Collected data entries
----

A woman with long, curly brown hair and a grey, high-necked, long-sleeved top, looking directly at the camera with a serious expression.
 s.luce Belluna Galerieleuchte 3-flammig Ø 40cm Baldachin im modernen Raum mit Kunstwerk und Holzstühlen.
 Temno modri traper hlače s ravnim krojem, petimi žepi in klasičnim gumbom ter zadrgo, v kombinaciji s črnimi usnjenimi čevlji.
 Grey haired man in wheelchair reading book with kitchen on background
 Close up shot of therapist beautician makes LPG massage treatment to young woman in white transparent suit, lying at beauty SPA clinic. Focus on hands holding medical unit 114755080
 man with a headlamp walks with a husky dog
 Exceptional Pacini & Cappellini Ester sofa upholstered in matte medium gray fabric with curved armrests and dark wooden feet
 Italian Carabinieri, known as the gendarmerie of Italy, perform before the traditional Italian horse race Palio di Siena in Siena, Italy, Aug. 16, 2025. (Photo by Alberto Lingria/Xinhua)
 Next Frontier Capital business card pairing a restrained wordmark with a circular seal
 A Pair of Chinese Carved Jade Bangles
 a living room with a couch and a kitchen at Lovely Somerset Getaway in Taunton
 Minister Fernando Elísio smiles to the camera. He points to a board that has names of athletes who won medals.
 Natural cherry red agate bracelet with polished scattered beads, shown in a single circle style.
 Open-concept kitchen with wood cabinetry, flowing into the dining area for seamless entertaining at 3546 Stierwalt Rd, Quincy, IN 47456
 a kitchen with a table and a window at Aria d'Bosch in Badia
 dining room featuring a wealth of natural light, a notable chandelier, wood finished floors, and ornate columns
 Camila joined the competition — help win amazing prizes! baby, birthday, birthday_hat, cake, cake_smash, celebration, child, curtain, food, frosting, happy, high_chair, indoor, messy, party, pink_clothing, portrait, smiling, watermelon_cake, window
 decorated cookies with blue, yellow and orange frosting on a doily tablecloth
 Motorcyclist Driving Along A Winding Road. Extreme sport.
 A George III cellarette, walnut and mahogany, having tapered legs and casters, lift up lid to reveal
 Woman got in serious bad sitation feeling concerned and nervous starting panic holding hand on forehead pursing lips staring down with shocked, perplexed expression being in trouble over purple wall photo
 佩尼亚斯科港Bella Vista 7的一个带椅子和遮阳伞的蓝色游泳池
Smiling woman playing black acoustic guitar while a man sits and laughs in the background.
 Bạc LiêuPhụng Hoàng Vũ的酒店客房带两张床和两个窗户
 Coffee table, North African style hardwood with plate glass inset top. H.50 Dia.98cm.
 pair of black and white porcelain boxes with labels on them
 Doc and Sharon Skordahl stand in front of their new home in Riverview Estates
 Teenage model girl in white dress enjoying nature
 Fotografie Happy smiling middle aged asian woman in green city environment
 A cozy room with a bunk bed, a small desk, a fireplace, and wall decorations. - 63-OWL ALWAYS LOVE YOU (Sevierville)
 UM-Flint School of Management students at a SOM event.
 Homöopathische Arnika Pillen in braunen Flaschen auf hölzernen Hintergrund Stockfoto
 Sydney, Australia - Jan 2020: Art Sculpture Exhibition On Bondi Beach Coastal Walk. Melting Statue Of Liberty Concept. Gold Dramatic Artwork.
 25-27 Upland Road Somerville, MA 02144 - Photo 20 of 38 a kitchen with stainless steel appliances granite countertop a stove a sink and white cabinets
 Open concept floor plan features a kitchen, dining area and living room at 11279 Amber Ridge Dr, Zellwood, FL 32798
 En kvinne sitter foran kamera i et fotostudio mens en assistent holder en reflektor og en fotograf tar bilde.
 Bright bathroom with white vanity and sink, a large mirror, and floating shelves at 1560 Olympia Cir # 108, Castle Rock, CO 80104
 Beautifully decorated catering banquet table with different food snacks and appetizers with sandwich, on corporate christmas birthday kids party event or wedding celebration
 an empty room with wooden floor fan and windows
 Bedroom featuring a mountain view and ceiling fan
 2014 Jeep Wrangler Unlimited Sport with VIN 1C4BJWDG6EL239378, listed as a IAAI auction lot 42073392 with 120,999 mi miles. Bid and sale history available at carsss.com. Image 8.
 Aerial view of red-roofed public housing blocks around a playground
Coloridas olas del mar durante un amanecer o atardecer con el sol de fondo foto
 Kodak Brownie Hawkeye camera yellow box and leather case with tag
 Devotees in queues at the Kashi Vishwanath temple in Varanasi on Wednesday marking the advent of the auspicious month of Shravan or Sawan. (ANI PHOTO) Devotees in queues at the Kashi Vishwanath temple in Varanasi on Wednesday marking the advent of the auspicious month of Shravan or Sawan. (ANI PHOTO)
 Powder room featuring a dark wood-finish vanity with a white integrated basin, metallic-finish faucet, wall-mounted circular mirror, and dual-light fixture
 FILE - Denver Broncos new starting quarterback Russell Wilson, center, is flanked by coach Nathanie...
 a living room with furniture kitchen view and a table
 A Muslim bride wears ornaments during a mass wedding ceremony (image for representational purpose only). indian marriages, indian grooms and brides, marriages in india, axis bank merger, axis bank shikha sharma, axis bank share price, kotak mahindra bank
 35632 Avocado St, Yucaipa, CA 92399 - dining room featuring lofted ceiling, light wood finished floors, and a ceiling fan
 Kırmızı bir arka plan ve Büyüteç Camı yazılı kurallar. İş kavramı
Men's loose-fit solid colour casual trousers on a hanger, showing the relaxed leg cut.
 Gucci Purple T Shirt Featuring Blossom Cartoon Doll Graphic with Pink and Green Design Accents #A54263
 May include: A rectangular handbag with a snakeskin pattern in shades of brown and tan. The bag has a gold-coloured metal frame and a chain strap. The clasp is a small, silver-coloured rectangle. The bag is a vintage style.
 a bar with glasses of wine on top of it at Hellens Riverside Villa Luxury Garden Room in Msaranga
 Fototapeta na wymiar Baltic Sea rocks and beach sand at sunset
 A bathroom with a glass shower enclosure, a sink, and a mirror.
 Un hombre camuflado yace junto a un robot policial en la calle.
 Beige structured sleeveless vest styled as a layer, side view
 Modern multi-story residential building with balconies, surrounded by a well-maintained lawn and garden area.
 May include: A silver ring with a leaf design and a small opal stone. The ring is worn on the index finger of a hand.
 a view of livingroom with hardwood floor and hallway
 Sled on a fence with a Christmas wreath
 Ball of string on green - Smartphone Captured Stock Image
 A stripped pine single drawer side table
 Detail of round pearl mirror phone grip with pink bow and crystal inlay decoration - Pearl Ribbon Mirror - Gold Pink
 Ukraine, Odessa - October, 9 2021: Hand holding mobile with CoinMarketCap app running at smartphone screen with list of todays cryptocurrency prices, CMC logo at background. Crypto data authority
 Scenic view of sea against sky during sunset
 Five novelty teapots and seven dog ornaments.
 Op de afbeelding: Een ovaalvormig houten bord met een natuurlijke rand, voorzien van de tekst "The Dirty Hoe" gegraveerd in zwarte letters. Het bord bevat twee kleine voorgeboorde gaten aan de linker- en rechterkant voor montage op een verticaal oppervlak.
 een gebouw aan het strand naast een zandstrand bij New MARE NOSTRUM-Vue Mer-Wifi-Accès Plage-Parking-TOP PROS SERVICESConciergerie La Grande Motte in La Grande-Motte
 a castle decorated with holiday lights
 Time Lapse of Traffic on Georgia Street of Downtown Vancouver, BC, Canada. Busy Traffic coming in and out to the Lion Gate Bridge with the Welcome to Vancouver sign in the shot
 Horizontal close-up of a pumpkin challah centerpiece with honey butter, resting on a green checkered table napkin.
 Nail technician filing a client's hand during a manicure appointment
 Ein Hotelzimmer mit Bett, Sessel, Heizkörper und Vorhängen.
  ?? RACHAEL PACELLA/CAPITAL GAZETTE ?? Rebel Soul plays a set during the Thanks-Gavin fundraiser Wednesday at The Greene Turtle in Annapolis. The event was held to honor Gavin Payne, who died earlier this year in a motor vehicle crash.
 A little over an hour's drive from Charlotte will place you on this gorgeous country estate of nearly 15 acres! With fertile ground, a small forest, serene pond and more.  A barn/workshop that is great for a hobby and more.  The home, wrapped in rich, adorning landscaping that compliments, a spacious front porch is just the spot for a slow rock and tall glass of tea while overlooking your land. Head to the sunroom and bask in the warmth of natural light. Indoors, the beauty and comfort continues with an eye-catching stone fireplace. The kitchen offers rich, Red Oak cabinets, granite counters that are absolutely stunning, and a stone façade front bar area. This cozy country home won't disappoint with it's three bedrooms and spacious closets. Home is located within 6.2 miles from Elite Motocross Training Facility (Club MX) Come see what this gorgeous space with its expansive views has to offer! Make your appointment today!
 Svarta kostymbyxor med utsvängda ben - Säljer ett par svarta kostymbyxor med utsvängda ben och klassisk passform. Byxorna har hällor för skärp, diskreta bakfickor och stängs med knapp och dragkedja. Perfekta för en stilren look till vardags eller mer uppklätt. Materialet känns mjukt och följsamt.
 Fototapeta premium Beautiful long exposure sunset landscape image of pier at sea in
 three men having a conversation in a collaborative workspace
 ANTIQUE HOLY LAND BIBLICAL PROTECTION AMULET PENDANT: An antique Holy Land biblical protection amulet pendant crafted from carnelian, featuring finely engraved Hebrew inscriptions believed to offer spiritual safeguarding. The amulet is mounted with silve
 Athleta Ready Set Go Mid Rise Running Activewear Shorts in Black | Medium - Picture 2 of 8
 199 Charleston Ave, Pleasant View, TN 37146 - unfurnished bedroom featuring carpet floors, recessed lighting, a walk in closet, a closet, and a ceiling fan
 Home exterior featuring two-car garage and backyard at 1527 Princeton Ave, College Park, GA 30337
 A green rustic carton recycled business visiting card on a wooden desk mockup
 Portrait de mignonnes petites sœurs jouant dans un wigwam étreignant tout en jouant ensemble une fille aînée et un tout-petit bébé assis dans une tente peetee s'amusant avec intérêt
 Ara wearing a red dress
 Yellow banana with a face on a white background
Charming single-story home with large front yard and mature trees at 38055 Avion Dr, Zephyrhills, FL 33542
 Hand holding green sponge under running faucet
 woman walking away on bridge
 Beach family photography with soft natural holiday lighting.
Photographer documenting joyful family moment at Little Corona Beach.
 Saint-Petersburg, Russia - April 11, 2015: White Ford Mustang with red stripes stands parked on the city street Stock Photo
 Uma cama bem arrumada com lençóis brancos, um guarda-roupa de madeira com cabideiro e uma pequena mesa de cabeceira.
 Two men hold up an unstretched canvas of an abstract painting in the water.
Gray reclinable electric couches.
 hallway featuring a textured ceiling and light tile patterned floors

----

=== Assignment ===
Your reply must consist of one number, the count of lines in the entries that hold "over".

=== Task output ===
2